←back to thread

549 points orcul | 1 comments | | HN request time: 0.246s | source
1. ilaksh ◴[] No.41894811[source]
One thing that always seemed important to these discussions is that the serial structure of language is probably not an optimization but just due to the reality that we can only handle uttering or hearing one sound at a time.

In my mind there should be some kind of parallel/hierarchical model that comes after language layers and then optionally can be converted back to a series of tokens. The middle layers are trained on world models such as from videos, intermediary layers on mapping, and other layers on text, including quite a lot of transcripts etc. to make sure the middle layers fully ground the outer layers.
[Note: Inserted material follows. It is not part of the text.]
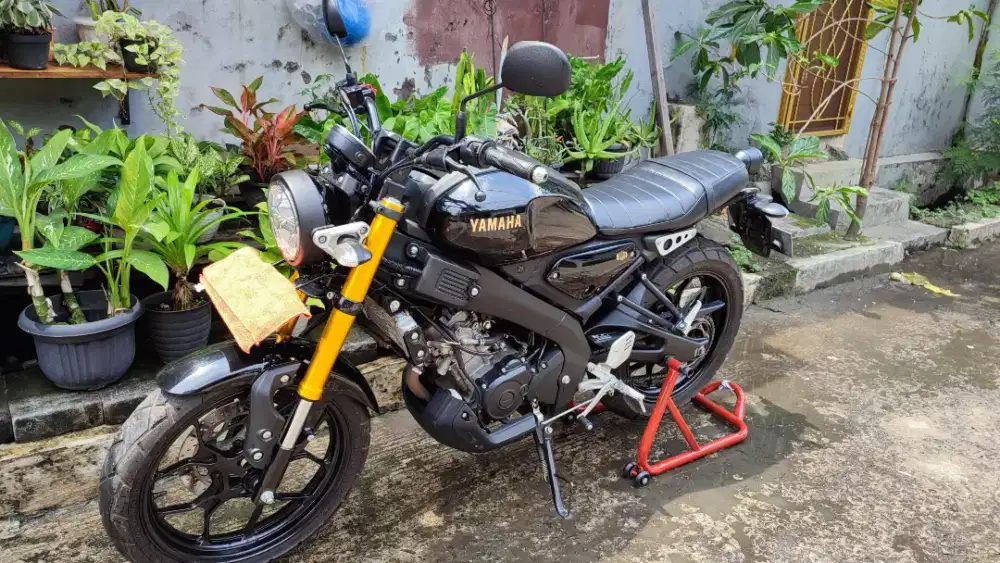 Yamaha XSR 155 Black Elegance 2024 Km 1000 pajak On Surat lengkap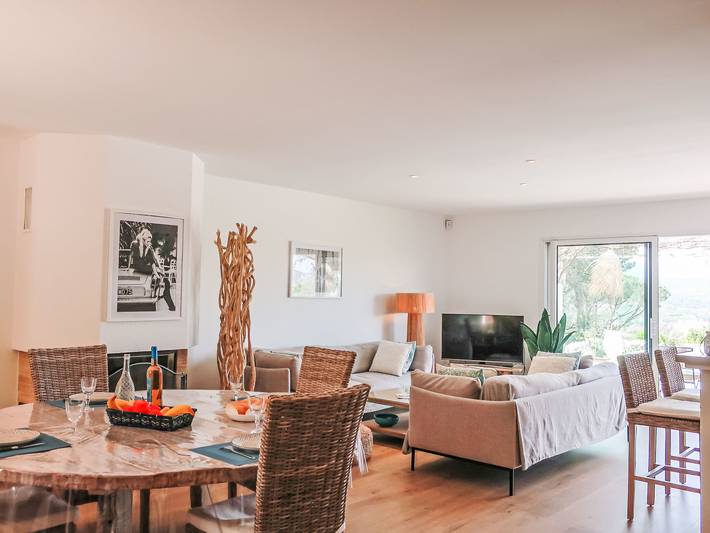 Ferienhaus für 4 Personen, mit Garten und Terrasse sowie Ausblick in Cogolin - 2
I don't really understand transformers and diffusion transformers etc., but I am optimistic that as we increase the compute and memory capacity over the next few years it will allow more video data to be integrated with language data. That will result in fully grounded multimodal models that are even more robust and more general purpose.

I keep waiting to hear about some kind of manufacturing/design breakthroughs with memristors or some kind of memory-centric computing that gives another 100 X boost in model sizes and/or efficiency. Because it does seem that the major functionality gains have been unlocked through scaling hardware which allowed the development of models that took advantage of the new scale. For me large multimodal video datasets with transcripts and more efficient hardware to compress and host them are going to make AI more robust.

I do wish I understood transformers better though because it seems like somehow they are more general-purpose. Is there something about them that is not dependant on the serialization or tokenization that can be extracted to make other types of models more general? Maybe they are tokens that have scalars attached which are still fully contextualized but are computed as many parallel groups for each step.